Assimilation of experience only takes place when the mind is alert and present. Therefore when rajas dominates the subtle body, the innate wisdom of the self, much less common than sense-knowledge, is not available to help the intellect accurately determine what is happening and resolve doubts. Resolved experience leaves our attention present and alert, so that the mind is able to meet the next experience without prejudice. Because life is an unending procession of experiences in this pressurized age, it is important to lay each experience to rest as quickly as possible, preferably as it happens. When we are so rajasic and our mind totally wrapped up in dealing with an endless succession of trivial daily desires, we are too busy to look at our “issues,” so they remain in the background, causing suffering.

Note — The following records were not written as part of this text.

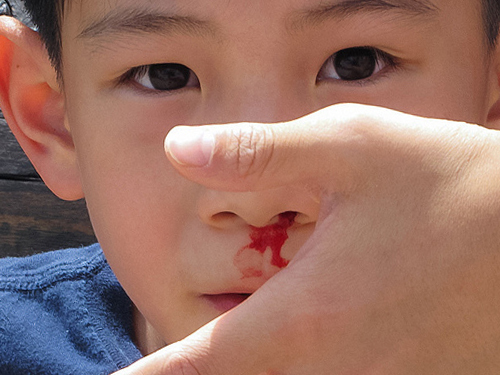 Что делать, если у ребенка носовое кровотечение?.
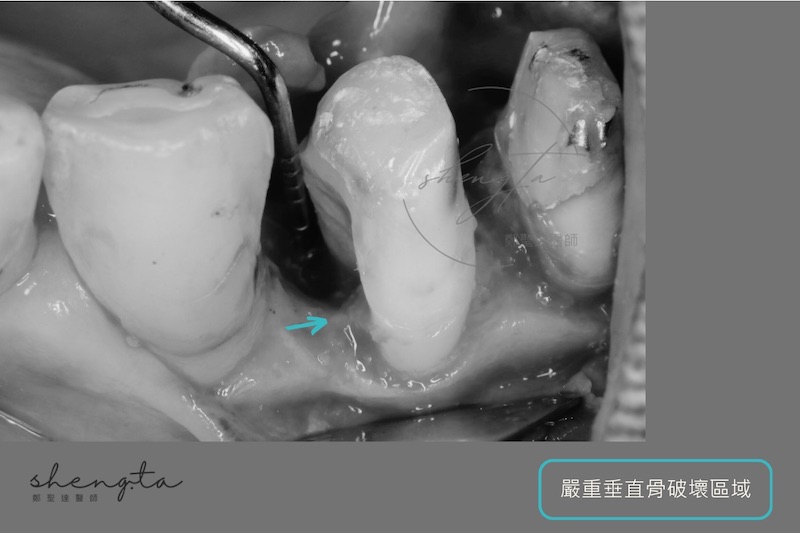 牙周再生手術前，右上第一二小臼齒嚴重垂直骨破壞區域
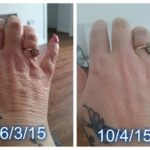 Luminesce serum by Jeunesse (before-and-after pictures) for hands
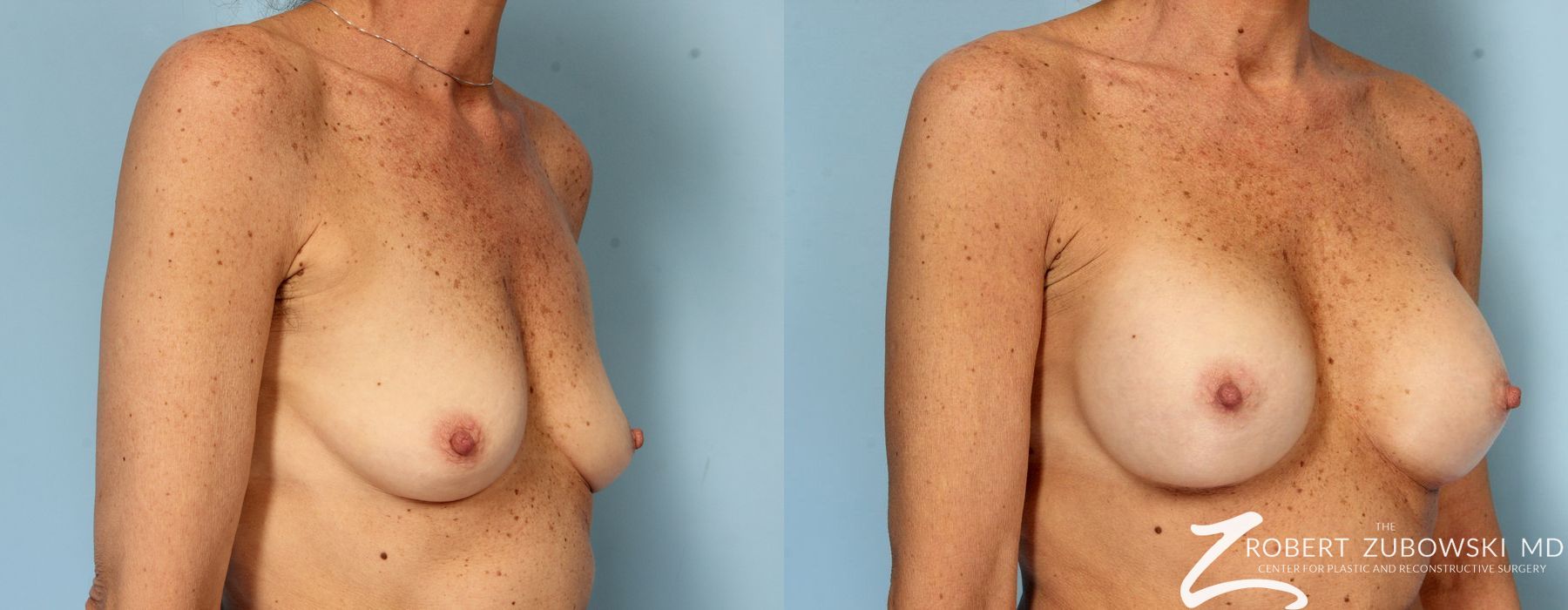 Breast Augmentation - Thumbnail 2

Unresolved experience subliminally drains attention. When I have difficulty focusing on what I need to do, avoiding what I should or should not be doing, it is a sign that the mind is excessively rajasic. As unresolved experience accumulates, we suffer existential constipation, feeling overwhelmed, stressed and unable to keep up with life’s demands. Growth rarely comes through the easy attainment of desires. What is also lost to us when our mind is extroverted is the growth enhancing benefits of assimilating unwanted experiences
Arjuna: PS: I’ve also changed my meditation practice. Earlier I was trying to blank my mind, etc. Now I’ve been following Swami Dayananda’s guided meditations (I got my mom to release the meditations in an app form) which encourages active inquiry.
Thanks in advance.
~ Best regards
Sundari: Excellent. Meditation is a great tool to purify the mind; however, always remember that it is an aid to self-inquiry but does not equal self-inquiry. We can talk more about this topic if you wish, but rest assured we encourage the practice of meditation (yoga), as it is very helpful, especially for rajasic types.
You are always welcome, Arjuna, and many blessings to you.